___ Supplied material
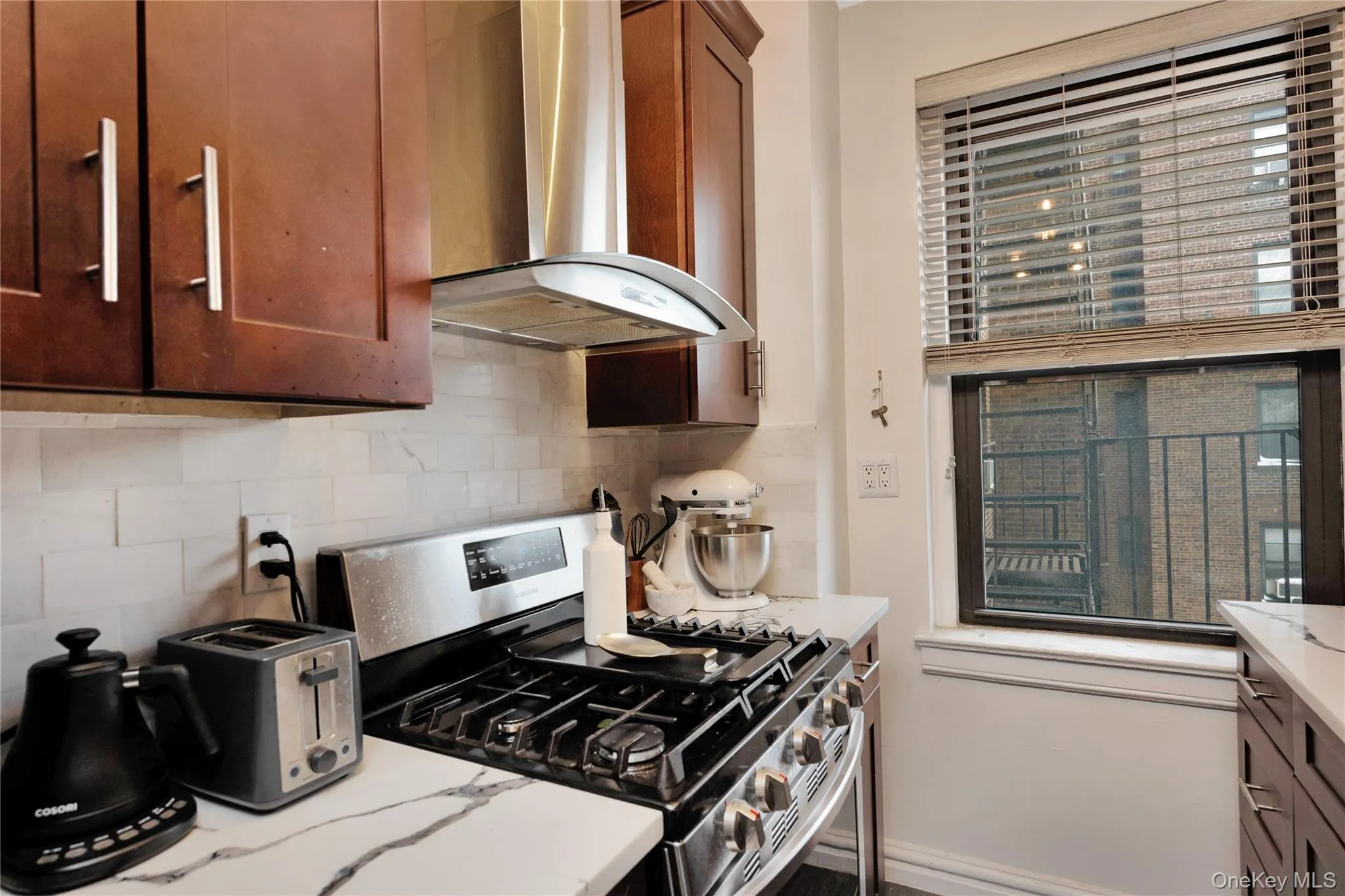 Kitchen with stainless steel gas range, extractor fan, decorative backsplash, and light stone counters Kitchen with stainless steel gas range, extractor fan, decorative backsplash, and light stone counters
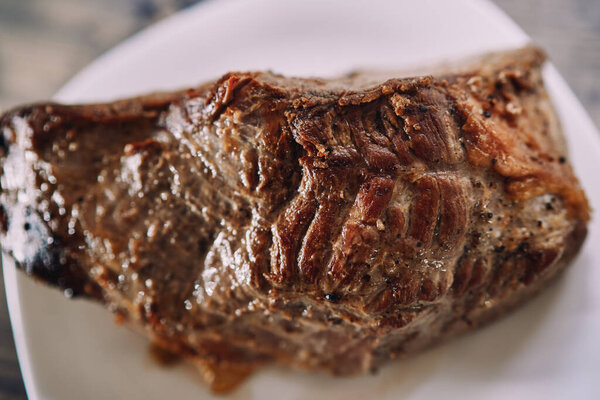 Roast beef with spices with a baked crust lies on a plate on a table. High quality photo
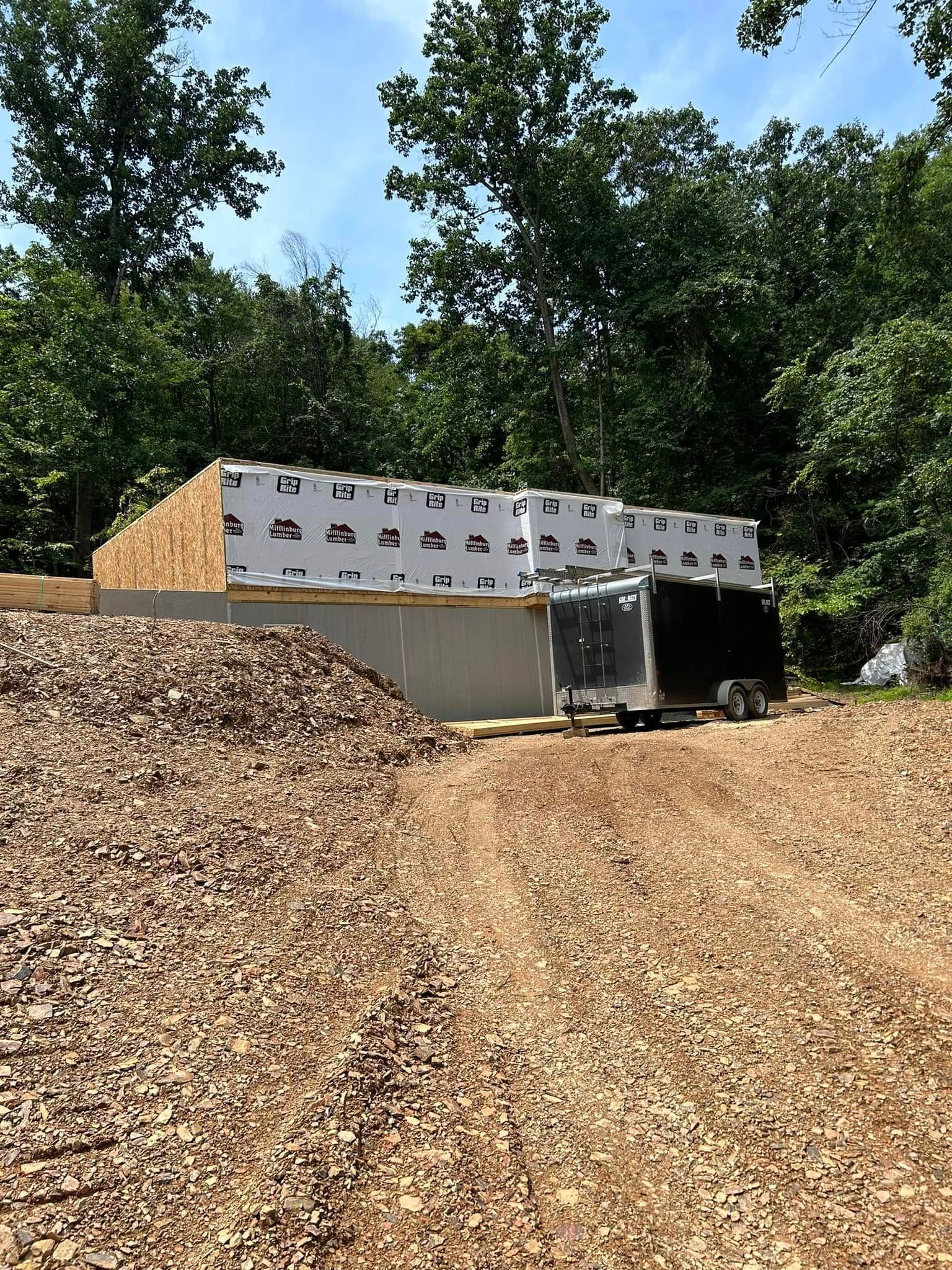 Construction trailer beside large piles of wood chips under trees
______
= What you have to do =
What is needed is a word-for-word copy of the data, minus its pictures.

= Task output =
 Kitchen with stainless steel gas range, extractor fan, decorative backsplash, and light stone counters Kitchen with stainless steel gas range, extractor fan, decorative backsplash, and light stone counters
 Roast beef with spices with a baked crust lies on a plate on a table. High quality photo
 Construction trailer beside large piles of wood chips under trees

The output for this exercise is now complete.